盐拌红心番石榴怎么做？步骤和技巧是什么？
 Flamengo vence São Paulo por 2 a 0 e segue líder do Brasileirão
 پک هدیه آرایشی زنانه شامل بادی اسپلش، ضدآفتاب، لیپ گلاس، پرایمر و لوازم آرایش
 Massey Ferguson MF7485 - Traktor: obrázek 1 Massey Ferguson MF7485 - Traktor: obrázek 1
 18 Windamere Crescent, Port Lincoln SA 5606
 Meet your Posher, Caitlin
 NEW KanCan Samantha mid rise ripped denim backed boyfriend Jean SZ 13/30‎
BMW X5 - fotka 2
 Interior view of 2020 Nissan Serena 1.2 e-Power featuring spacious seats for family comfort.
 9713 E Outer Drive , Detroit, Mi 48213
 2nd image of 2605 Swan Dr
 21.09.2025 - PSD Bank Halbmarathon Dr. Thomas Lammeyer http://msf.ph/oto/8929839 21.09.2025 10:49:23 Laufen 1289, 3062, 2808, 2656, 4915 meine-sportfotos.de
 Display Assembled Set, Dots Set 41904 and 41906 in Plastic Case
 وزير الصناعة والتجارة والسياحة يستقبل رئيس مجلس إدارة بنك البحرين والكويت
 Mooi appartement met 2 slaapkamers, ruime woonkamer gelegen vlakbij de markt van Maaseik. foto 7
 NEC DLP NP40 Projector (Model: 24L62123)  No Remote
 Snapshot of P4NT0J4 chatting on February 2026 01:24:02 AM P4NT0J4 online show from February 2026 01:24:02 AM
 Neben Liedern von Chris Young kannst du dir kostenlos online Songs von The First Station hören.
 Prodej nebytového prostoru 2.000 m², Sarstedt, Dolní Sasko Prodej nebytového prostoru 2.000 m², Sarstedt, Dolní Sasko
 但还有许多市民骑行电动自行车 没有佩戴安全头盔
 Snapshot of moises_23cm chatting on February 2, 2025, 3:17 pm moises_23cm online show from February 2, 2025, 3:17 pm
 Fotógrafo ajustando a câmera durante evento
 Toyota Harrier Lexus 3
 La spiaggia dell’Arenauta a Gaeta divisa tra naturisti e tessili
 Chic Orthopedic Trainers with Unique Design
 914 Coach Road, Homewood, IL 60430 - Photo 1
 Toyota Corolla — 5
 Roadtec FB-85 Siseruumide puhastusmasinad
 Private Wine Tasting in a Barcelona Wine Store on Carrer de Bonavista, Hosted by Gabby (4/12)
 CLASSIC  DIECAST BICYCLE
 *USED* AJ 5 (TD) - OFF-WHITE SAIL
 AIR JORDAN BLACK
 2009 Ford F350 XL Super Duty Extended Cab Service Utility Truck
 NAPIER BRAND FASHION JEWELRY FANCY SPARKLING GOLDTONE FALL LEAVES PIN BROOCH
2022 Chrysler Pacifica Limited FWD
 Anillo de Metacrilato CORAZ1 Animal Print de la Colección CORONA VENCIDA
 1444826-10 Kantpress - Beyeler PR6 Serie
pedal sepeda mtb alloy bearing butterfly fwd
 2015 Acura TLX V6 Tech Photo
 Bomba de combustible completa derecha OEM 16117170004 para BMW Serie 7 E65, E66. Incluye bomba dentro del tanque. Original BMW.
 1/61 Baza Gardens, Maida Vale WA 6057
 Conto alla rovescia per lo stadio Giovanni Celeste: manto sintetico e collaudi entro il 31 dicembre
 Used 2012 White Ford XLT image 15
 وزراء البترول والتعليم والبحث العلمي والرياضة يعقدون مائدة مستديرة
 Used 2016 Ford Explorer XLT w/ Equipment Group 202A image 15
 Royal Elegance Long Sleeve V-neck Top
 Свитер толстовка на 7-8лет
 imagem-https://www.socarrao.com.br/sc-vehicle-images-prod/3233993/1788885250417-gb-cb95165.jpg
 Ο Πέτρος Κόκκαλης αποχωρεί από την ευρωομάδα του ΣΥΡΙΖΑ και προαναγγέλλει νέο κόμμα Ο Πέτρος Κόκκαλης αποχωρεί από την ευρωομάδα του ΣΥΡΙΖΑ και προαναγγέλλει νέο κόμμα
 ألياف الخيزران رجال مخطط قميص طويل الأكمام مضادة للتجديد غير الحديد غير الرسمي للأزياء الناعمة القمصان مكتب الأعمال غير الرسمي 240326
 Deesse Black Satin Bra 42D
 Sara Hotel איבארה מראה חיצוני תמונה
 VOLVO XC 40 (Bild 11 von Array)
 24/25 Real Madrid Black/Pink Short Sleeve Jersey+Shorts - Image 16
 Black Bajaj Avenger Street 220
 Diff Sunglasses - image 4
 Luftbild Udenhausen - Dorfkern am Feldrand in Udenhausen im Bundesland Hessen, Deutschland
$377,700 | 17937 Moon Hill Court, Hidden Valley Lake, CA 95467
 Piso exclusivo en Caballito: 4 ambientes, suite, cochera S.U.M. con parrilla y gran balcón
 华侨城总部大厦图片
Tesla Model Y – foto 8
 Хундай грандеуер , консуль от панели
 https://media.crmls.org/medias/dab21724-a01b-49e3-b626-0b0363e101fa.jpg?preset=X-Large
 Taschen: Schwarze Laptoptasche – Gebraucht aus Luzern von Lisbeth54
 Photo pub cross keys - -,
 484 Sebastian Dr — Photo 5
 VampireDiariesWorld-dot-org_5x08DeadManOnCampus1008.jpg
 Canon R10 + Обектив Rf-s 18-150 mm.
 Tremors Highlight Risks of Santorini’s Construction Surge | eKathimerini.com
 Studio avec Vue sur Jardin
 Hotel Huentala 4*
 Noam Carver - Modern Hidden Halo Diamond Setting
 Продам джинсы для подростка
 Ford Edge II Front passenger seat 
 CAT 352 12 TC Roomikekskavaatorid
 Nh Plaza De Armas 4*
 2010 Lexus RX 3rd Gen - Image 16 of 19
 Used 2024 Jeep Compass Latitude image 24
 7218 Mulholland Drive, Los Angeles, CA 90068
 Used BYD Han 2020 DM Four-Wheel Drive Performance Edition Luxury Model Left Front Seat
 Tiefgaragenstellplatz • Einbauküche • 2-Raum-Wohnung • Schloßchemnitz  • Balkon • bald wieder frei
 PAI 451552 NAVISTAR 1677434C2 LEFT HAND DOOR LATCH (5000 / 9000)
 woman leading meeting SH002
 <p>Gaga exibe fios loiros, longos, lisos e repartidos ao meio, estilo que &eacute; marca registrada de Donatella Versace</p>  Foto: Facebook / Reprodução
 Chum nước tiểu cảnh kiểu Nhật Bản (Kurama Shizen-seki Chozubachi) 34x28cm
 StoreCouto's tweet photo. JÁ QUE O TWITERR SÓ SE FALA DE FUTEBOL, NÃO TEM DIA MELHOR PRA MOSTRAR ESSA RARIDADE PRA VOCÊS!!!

*-*-*

▶ _Work instructions_
From the records above, print only the lines between the one holding "Luftbild Udenhausen - Dorfkern" and the one holding "Tesla Model Y – foto 8", inclusive, exactly as they stand.

▶ _Answer to this exercise_
 Luftbild Udenhausen - Dorfkern am Feldrand in Udenhausen im Bundesland Hessen, Deutschland
$377,700 | 17937 Moon Hill Court, Hidden Valley Lake, CA 95467
 Piso exclusivo en Caballito: 4 ambientes, suite, cochera S.U.M. con parrilla y gran balcón
 华侨城总部大厦图片
Tesla Model Y – foto 8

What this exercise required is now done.